TASK TO CARRY OUT:
With every picture left out, restate the listing below exactly as written.

GIVEN MATERIAL:
===============

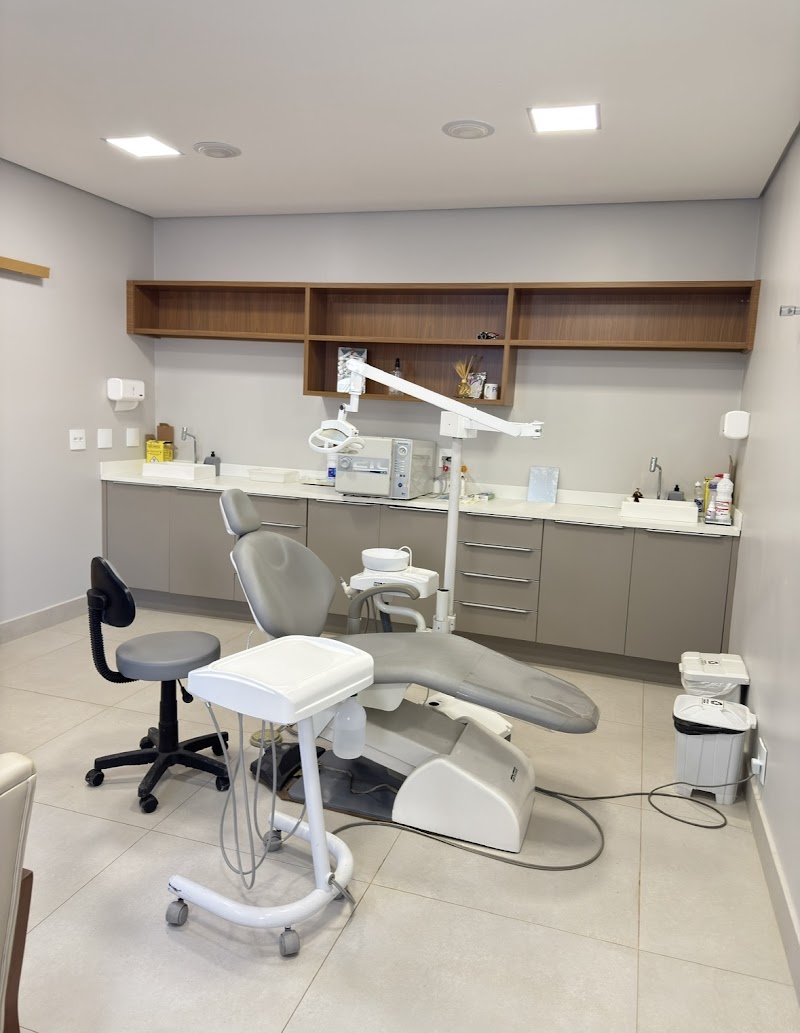 Dra. Bruna Pimentel - Dentista Ribeirão Preto-SP - foto 2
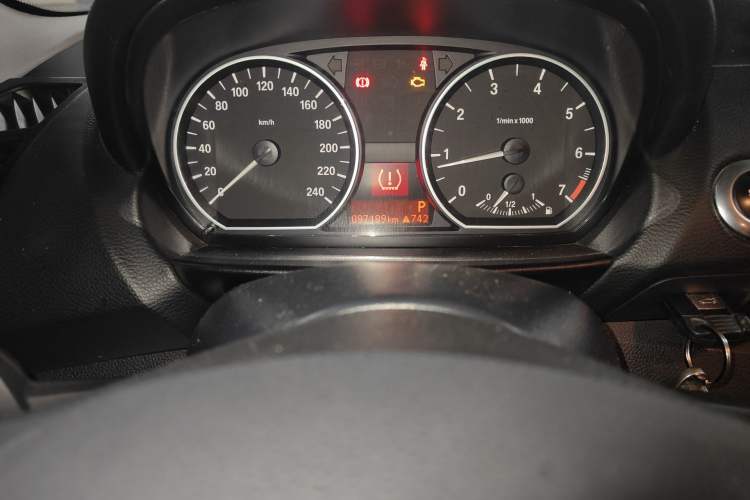 Used BMW 1 Series 2008 120i automatic transmission Odometer Close Up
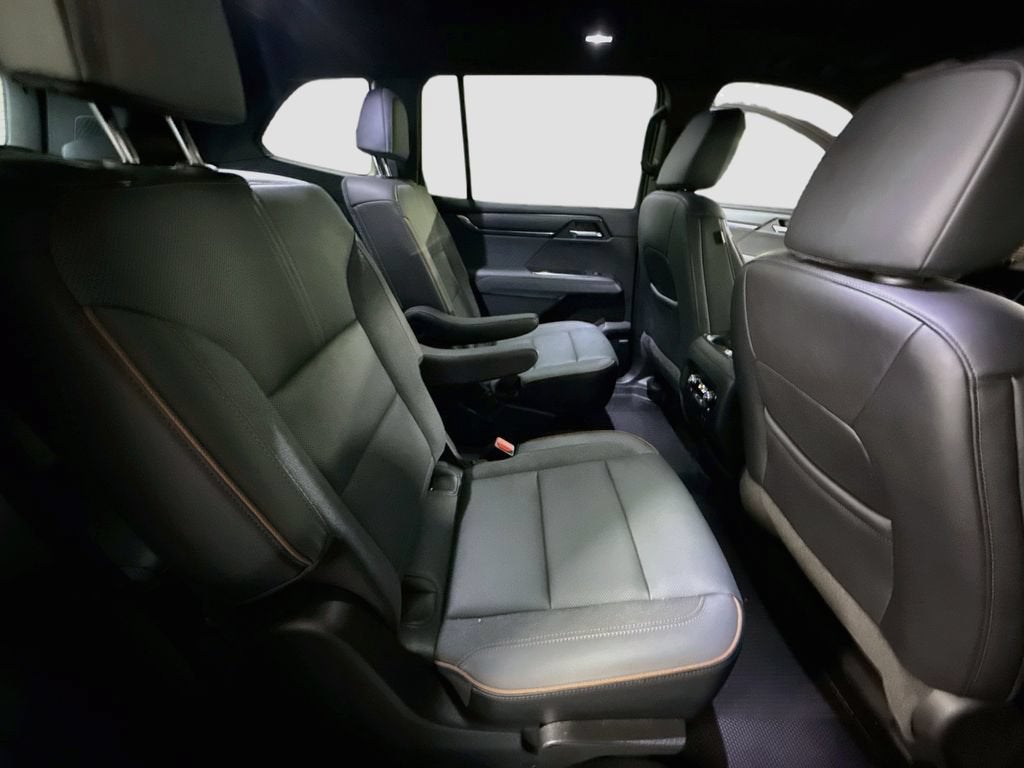2024 GMC Acadia AT4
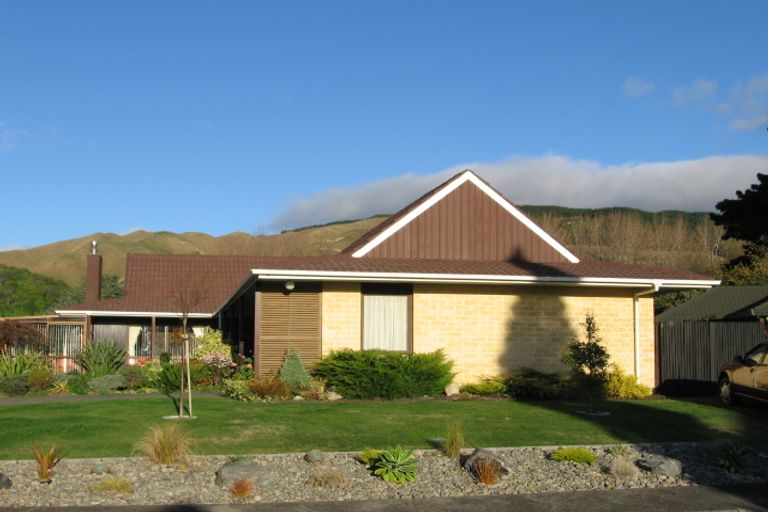 Photo of property in 9 Edgewater Street, Waikanae, 5036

===============

ANSWER SECTION:
 Dra. Bruna Pimentel - Dentista Ribeirão Preto-SP - foto 2
 Used BMW 1 Series 2008 120i automatic transmission Odometer Close Up
2024 GMC Acadia AT4
 Photo of property in 9 Edgewater Street, Waikanae, 5036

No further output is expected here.